VALORIZZARE LA DIVERSITA’ E L’INCLUSIONE
Ma la ISO 30415 non dà la certificazione. “Questa è possibile ottenerla con la Geeis Diversity – aggiunge l’esperta -. Nel 2010, l’Associazione Arborus e un gruppo di multinazionali hanno dato vita al Gender Equality European & International Standard (GEEIS). Il progetto è stato supportato dalla Commissione Europea e Consiglio Europeo per il Sociale e l’Ecomomia. A partire dal 2017, il GEEIS si è evoluto, includendo nuovi indicatori ed estendendo il focus al tema della diversity, ritenuto di grande attualità, diventando così “GEEIS-DIVERSITY”. Nasce una certificazione internazionale che valorizza la diversità e l’inclusione come elementi strategici di un’organizzazione”.
Fidelizzare i lavoratori attorno ad un progetto comune, fare emergere le buone pratiche, promuovere la diversità come valore, favorire la diffusione di una culturale dell’uguaglianza sui luoghi di lavoro, migliorare la gestione delle risorse umane e promuovere il dialogo interculturale all’interno del gruppo, sono i benefici della certificazione Geeis attraverso la quale è possibile comunicare all’esterno il proprio impegno rispetto alle pressioni sociali e del mercato, le aspettative degli stakeholder e i requisiti normativi applicabili.

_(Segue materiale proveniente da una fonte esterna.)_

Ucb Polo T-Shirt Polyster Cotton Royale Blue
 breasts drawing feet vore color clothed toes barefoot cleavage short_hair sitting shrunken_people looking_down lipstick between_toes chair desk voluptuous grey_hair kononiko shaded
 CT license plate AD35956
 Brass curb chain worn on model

COSA C’E’ DIETRO AL PRODOTTO ?
Ma c’è ancora un altro elemento sul quale le aziende dovrebbero prestare attenzione e valorizzare come elemento strategico per la propria competitività: il valore sociale del prodotto. «Mentre le certificazione di prodotto si concentrano prevalentemente sugli aspetti ambientali, esistono molti schemi focalizzati sugli aspetti sociali della filiera – afferma Straserra -. Nessuno di questi, però, comunica al consumatore il valore sociale del prodotto. Non ci sono loghi/marchi che ne parlano. Ma sapere cosa c’è dietro ad un prodotto, da dove vengono le materie prime, dove si svolgono i principali processi produttivi, sono domande che i consumatori si pongono e pretendono risposte”. Da qui nasce la Certificazione Social FootPrint, con l’obiettivo di fornire risposte chiare e comprensibili sull’etichetta e sul sito web, garantendo trasparenza e affidabilità della filiera. “L’etichetta si fonda un sistema di gestione delle informazioni sull’azienda e sulla filiera di prodotto, che garantisce la rintracciabilità e l’affidabilità dei dati – continua Straserra -. La finalità ultima della certificazione SFP è quella di coinvolgere il consumatore in scelte di acquisto più consapevoli da un punto di vista sociale e di supportare le organizzazioni nelle comunicazioni trasparenti al mercato”.
UN’IMPRONTA CHE LASCIA IL SEGNO
A questo scopo, l’organizzazione che si certifica con SFP si impegna, da un lato a stimolare il miglioramento delle condizioni etico sociali dei diversi anelli della sua filiera di produzione e, dall’altro, a rendere trasparente al consumatore la filiera da cui un prodotto proviene, la localizzazione dei fornitori e degli attori coinvolti nel processo di realizzazione finale del prodotto e le relative informazioni. “Così facendo – conclude l’esperta – l’organizzazione può comunicare al mercato l’«impronta sociale» di un suo prodotto, sia apponendo sullo stesso un’etichetta informativa, sia rendendo note tramite vari mezzi (tra cui il sito web), specifiche informazioni a riguardo”.